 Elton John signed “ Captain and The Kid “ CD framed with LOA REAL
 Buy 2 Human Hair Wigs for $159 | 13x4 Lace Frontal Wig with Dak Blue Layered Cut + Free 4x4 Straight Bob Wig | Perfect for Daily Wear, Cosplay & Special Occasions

...

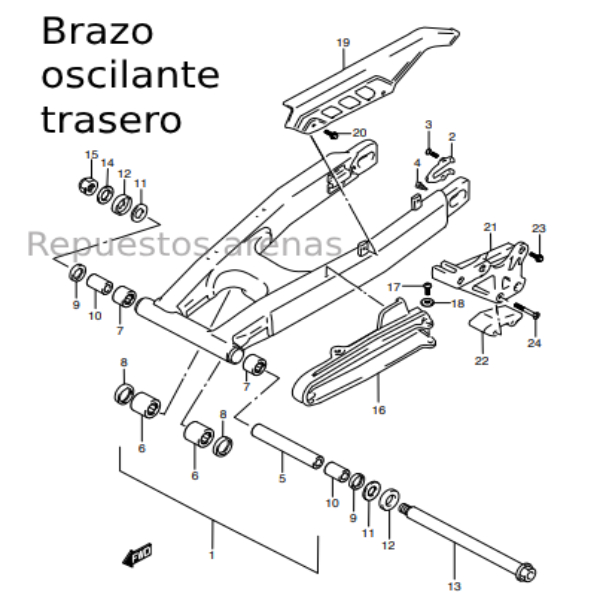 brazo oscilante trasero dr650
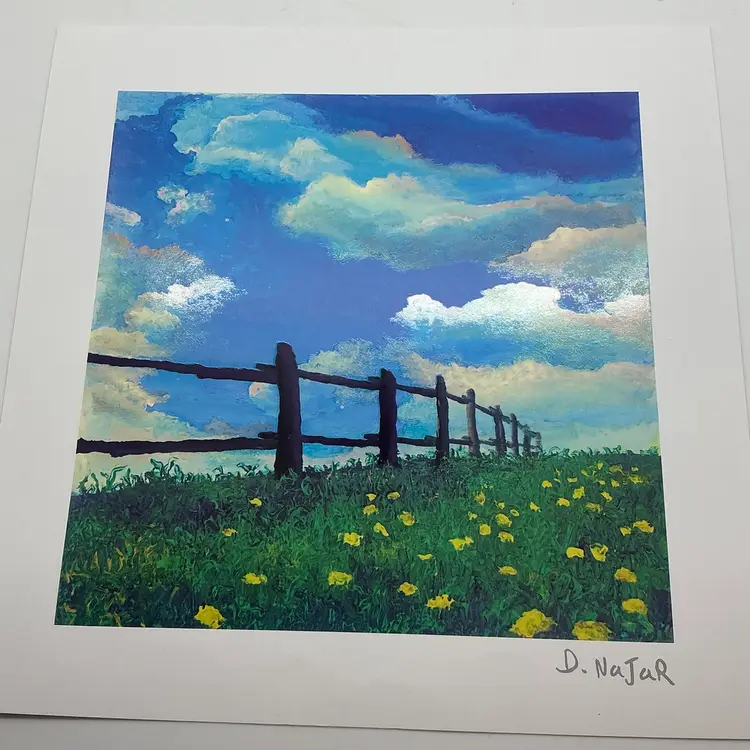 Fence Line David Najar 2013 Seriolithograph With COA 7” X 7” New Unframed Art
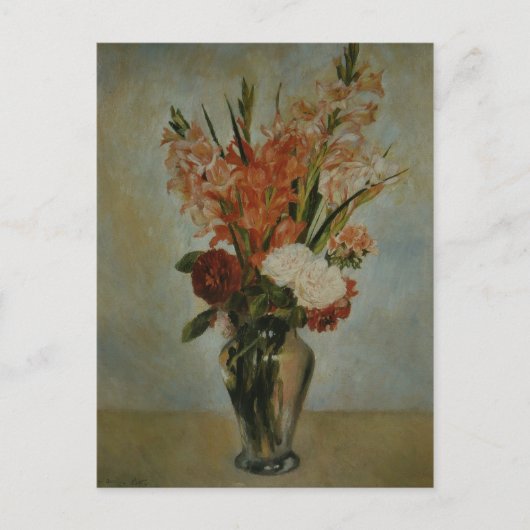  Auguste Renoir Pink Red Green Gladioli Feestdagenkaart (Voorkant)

__WORK TASK__. Print exactly the lines of the listing above starting at the line containing "Elton John signed" and ending at the line containing "Buy 2 Human", both included.

__WRITTEN RESPONSE__.
 Elton John signed “ Captain and The Kid “ CD framed with LOA REAL
 Buy 2 Human Hair Wigs for $159 | 13x4 Lace Frontal Wig with Dak Blue Layered Cut + Free 4x4 Straight Bob Wig | Perfect for Daily Wear, Cosplay & Special Occasions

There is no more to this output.